§ Activity
Return all of the lines below exactly as they are.

Stored data:
++++++

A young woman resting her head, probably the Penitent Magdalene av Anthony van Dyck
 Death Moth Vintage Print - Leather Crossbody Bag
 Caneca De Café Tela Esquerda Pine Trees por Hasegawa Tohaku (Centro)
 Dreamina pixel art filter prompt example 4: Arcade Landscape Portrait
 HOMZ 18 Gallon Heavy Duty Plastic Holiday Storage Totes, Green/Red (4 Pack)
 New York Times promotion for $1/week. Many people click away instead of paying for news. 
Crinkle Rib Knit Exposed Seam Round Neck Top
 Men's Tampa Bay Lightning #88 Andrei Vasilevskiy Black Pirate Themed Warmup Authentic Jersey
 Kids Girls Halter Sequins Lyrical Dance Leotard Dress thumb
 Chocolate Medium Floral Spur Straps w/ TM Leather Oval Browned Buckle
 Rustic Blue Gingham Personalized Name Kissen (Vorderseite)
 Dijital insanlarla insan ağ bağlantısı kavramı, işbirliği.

++++++

§ Output for this exercise
A young woman resting her head, probably the Penitent Magdalene av Anthony van Dyck
 Death Moth Vintage Print - Leather Crossbody Bag
 Caneca De Café Tela Esquerda Pine Trees por Hasegawa Tohaku (Centro)
 Dreamina pixel art filter prompt example 4: Arcade Landscape Portrait
 HOMZ 18 Gallon Heavy Duty Plastic Holiday Storage Totes, Green/Red (4 Pack)
 New York Times promotion for $1/week. Many people click away instead of paying for news. 
Crinkle Rib Knit Exposed Seam Round Neck Top
 Men's Tampa Bay Lightning #88 Andrei Vasilevskiy Black Pirate Themed Warmup Authentic Jersey
 Kids Girls Halter Sequins Lyrical Dance Leotard Dress thumb
 Chocolate Medium Floral Spur Straps w/ TM Leather Oval Browned Buckle
 Rustic Blue Gingham Personalized Name Kissen (Vorderseite)
 Dijital insanlarla insan ağ bağlantısı kavramı, işbirliği.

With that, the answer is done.